◆ Aim of the task:
Retype all of the listing exactly, with no pictures.
★ ★ ★ ★
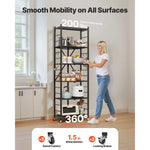 SucceBuy Foldable Storage Shelf Metal Rack Shelving Unit No Assembly Organizer Shelf with 5 Wheels & 4 Hooks for Kitchen Black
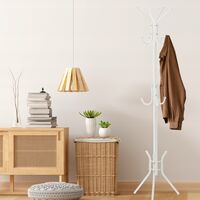Cuier hol metalic 178 cm, 12 carlige, design minimalist, alb
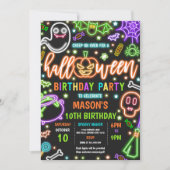 Invitation Lumière Dans Le Neon Noir Halloween Fête Anniversa (Devant)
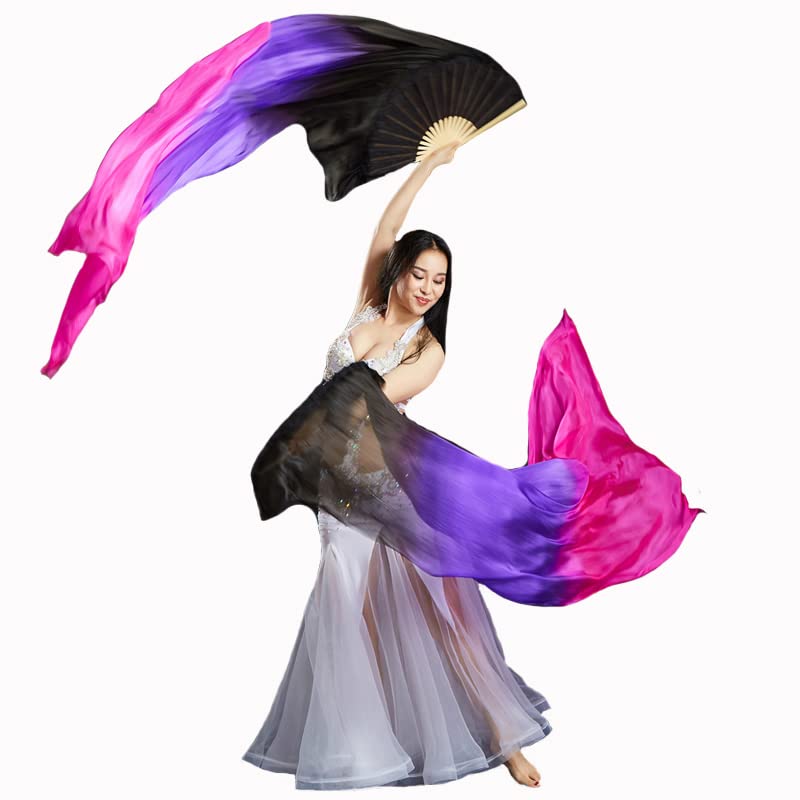 Nimiman Women 1 Pair (Left+Right) Silk Belly Dance Fans Veil Belly Dancing Long Folding Fans Length 180 cm Width 90 cm (Black Purple Rose)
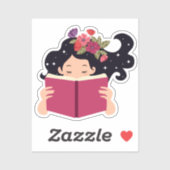 本のシールを読むかわいい花の女の子 シール (シート)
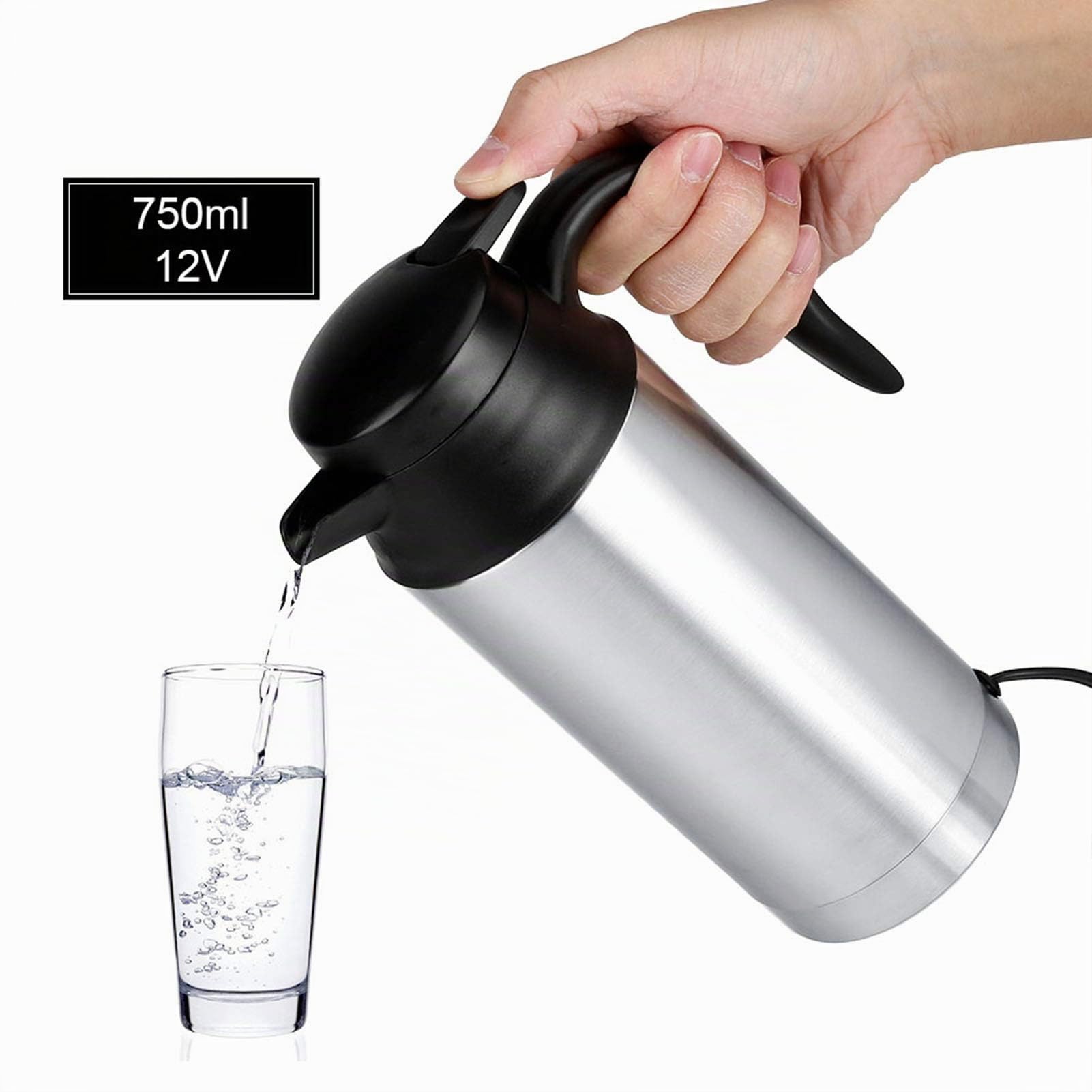 Elektrischer Wasserkocher für unterwegs, tragbar, 750 ml, 12 V, Wasserkocher für das Auto, aus Edelstahl, mit einem Heizbecher für das Auto, versiegelt, für heißes Wasser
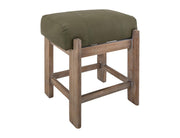 Balam White Counter Stool, green fabric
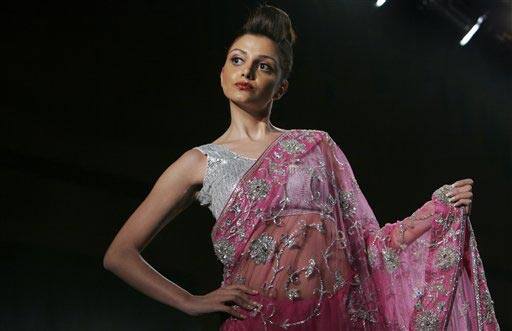 A model displays a creation by Priyanka Thakur at the Bangalore Fashion Week 2009, in Bangalore, India.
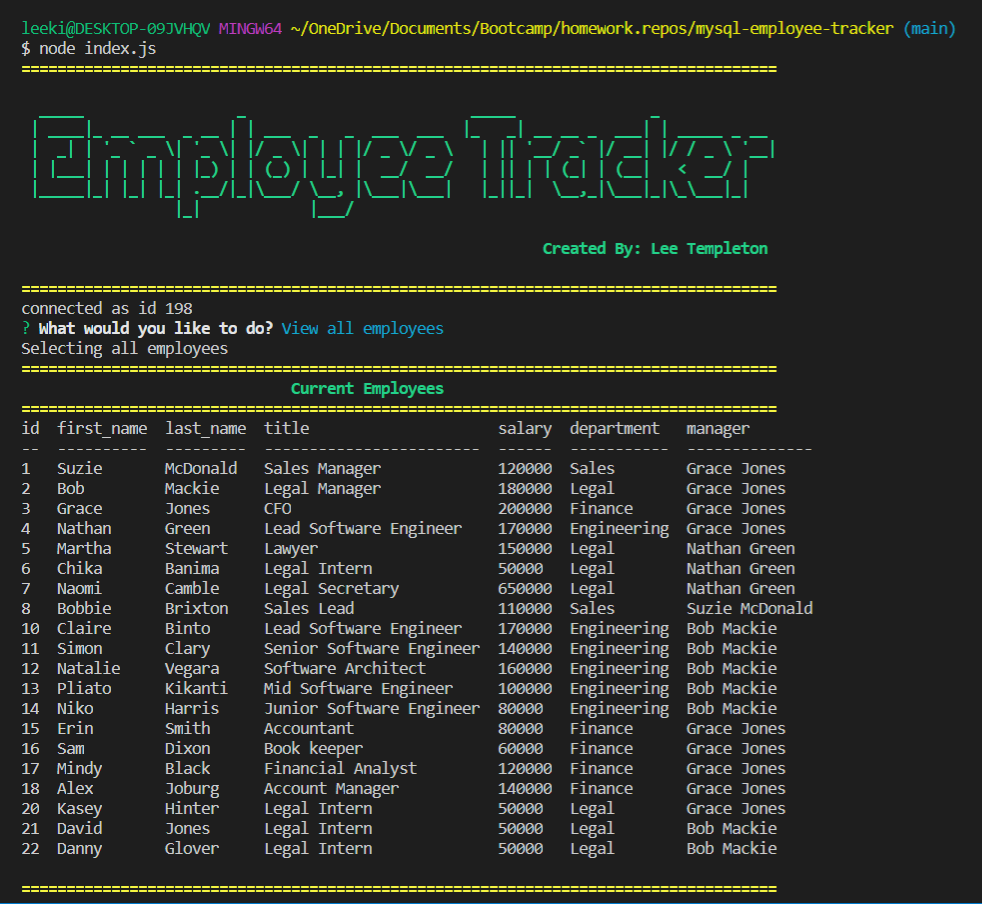 GitHub - LeeKiri/mysql-employee-tracker: This is an In-line command ...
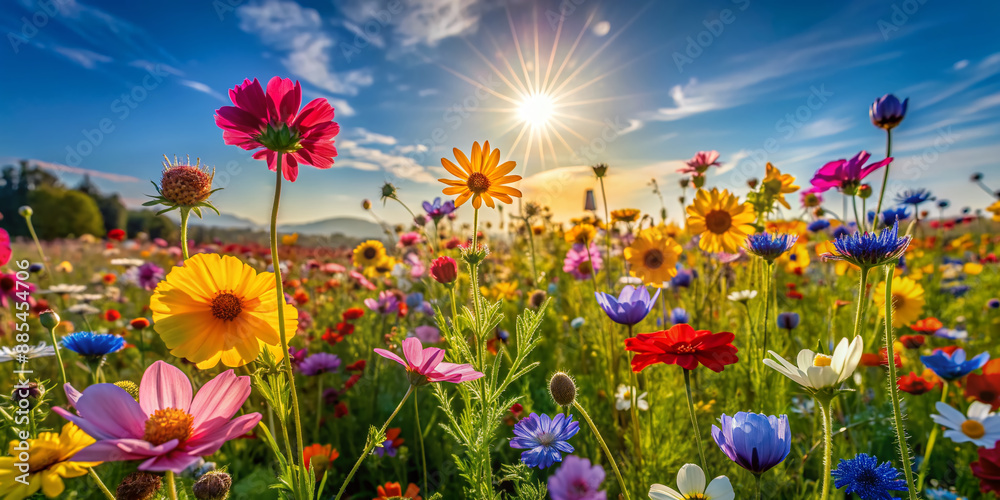 Vibrant wildflowers of various colors sway gently in the breeze, filling the sun-kissed field with an explosion of brightness and vitality. Vibrant wildflowers of various colors sway gently in the breeze, filling the sun-kissed field with an explosion of brightness and vitality.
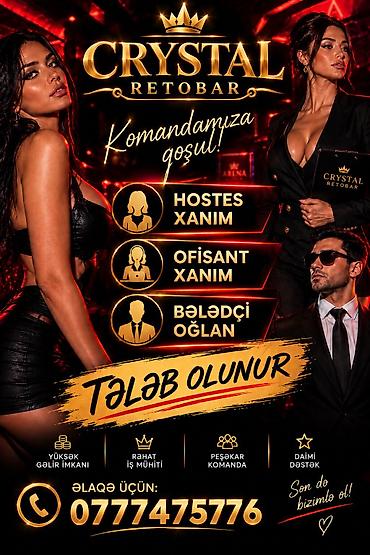 Hostes, qeydiyyatçı tələb olunur, 18-29 yaş, Təcrübəsiz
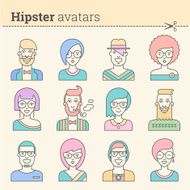 Creative set of hipster avatars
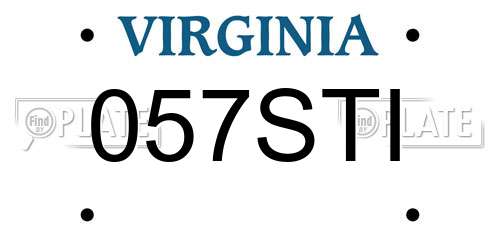 057STI Virginia License Plate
★ ★ ★ ★
◆ Problem solution:
 SucceBuy Foldable Storage Shelf Metal Rack Shelving Unit No Assembly Organizer Shelf with 5 Wheels & 4 Hooks for Kitchen Black
Cuier hol metalic 178 cm, 12 carlige, design minimalist, alb
 Invitation Lumière Dans Le Neon Noir Halloween Fête Anniversa (Devant)
 Nimiman Women 1 Pair (Left+Right) Silk Belly Dance Fans Veil Belly Dancing Long Folding Fans Length 180 cm Width 90 cm (Black Purple Rose)
 本のシールを読むかわいい花の女の子 シール (シート)
 Elektrischer Wasserkocher für unterwegs, tragbar, 750 ml, 12 V, Wasserkocher für das Auto, aus Edelstahl, mit einem Heizbecher für das Auto, versiegelt, für heißes Wasser
 Balam White Counter Stool, green fabric
 A model displays a creation by Priyanka Thakur at the Bangalore Fashion Week 2009, in Bangalore, India.
 GitHub - LeeKiri/mysql-employee-tracker: This is an In-line command ...
 Vibrant wildflowers of various colors sway gently in the breeze, filling the sun-kissed field with an explosion of brightness and vitality. Vibrant wildflowers of various colors sway gently in the breeze, filling the sun-kissed field with an explosion of brightness and vitality.
 Hostes, qeydiyyatçı tələb olunur, 18-29 yaş, Təcrübəsiz
 Creative set of hipster avatars
 057STI Virginia License Plate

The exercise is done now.